Islamic State militants on Wednesday blew up the Grand al-Nuri Mosque of Mosul and its famous leaning minaret, Iraq’s military said in a statement, as Iraqi forces seeking to expel the group from the city closed in on the site.
It was from this medieval mosque three years ago that the militants’ leader Abu Bakr al-Baghdadi declared a self-styled “caliphate” spanning parts of Syria and Iraq.
“Blowing up the al-Hadba Minaret and the al-Nuri mosque amounts to an official acknowledgement of defeat,” Iraqi Prime Minister said in a brief comment on his website.
The Iraqis called the 150-foot (45-metre) leaning minaret Al-Hadba, or “the hunchback.” Baghdadi’s black flag had flown over it since June 2014.
While Islamic State accused American aircraft of destroying the mosque, a claim swiftly denied by the U.S.-led coalition fighting the militant group.
“We did not strike in that area,” coalition spokesman U.S. Air Force Colonel John Dorrian said.
“The responsibility of this devastation is laid firmly at the doorstep of ISIS,” U.S. Army Major General Joseph Martin, commander of the coalition’s ground component, said in a statement, using an acronym for Islamic State.

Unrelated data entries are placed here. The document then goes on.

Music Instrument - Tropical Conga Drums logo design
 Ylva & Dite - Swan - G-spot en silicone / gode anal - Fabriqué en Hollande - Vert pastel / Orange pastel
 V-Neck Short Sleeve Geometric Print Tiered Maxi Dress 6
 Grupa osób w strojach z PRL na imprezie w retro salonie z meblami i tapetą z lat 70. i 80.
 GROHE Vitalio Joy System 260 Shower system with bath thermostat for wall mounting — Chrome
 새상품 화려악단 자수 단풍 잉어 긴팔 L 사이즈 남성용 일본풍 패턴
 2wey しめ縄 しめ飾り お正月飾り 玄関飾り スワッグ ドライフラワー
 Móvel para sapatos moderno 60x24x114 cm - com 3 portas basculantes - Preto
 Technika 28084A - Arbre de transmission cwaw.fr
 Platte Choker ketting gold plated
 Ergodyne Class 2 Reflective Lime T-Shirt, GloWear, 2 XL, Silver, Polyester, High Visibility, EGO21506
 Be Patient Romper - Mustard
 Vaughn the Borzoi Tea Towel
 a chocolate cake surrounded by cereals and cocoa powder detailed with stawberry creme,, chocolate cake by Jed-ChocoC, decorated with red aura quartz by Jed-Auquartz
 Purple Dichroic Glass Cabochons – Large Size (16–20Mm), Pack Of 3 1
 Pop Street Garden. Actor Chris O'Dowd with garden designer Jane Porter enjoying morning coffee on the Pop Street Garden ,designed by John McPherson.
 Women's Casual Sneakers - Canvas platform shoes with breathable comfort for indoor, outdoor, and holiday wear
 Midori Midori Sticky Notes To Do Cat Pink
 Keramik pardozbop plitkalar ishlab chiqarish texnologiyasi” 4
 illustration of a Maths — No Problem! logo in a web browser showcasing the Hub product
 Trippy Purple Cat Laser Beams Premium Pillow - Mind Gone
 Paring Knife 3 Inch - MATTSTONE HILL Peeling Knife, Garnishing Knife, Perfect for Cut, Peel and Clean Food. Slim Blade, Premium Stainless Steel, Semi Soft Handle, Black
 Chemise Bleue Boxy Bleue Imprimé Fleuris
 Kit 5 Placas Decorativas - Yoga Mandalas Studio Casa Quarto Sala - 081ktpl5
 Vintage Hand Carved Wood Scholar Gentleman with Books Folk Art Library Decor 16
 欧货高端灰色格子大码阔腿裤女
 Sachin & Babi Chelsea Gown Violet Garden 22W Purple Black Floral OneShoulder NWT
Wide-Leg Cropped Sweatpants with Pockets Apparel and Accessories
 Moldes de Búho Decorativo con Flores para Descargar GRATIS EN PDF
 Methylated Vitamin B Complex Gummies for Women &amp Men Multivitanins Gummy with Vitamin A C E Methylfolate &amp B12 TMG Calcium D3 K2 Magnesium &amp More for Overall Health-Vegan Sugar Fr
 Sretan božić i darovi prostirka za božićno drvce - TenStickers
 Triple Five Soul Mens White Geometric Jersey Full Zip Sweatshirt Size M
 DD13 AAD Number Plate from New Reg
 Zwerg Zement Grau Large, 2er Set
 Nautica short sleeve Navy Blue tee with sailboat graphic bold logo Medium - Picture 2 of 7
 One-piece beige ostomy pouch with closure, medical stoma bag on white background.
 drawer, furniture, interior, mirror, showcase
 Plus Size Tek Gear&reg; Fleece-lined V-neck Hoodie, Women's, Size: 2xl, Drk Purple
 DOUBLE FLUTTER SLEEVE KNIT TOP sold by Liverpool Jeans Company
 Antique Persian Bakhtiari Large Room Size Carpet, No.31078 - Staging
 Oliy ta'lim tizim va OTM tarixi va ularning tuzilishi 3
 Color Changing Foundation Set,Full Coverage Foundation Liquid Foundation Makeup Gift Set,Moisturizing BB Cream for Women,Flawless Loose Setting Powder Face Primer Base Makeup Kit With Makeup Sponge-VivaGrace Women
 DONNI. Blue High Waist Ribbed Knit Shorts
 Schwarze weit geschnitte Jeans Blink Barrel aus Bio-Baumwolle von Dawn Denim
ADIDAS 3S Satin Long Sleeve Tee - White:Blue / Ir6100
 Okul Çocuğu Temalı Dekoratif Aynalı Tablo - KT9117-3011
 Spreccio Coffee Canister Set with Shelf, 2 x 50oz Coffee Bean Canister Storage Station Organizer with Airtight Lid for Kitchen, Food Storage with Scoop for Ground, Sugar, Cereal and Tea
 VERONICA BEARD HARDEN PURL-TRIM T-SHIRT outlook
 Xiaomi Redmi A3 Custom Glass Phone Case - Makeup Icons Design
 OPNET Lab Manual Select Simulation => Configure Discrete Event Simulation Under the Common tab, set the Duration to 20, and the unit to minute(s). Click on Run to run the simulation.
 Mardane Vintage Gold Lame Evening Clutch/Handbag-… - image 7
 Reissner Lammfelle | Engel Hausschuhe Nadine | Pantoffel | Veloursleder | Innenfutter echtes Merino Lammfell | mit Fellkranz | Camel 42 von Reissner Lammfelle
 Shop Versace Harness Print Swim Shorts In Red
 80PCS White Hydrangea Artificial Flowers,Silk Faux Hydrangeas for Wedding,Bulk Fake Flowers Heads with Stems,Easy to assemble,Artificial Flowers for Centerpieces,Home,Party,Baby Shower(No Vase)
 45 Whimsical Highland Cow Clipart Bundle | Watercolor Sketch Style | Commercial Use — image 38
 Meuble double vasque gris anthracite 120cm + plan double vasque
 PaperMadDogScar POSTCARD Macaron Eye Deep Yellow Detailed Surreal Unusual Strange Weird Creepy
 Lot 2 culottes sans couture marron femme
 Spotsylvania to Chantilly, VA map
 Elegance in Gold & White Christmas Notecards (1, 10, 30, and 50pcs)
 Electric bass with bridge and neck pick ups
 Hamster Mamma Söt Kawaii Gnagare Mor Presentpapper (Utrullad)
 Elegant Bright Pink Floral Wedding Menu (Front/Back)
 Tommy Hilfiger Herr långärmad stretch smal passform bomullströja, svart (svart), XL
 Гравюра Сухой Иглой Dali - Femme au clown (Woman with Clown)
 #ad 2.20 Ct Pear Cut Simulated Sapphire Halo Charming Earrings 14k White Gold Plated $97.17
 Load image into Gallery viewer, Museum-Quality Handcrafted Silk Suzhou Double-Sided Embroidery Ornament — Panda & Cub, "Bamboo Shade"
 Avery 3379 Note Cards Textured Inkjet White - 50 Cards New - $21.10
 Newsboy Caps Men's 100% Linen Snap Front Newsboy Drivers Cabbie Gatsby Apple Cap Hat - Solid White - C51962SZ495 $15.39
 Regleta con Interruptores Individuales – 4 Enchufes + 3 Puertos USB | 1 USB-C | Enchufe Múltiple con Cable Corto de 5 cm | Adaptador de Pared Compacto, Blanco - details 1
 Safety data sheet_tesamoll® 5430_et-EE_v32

The media office for Iraq’s military distributed a picture taken from the air that appeared to show the mosque and minaret largely flattened and reduced to rubble among the small houses of the Old City, the historic district where the militants are under siege.
A video seen on social media showed the minaret collapsing vertically in a belch of sand and dust, as a woman lamented in the background, “The minaret, the minaret, the minaret.”
The mosque was destroyed as Iraq’s elite c(CTS) units, which have been battling their way through Mosul’s Old City, got within 50 meters (164 feet) of it, according to an Iraqi military statement.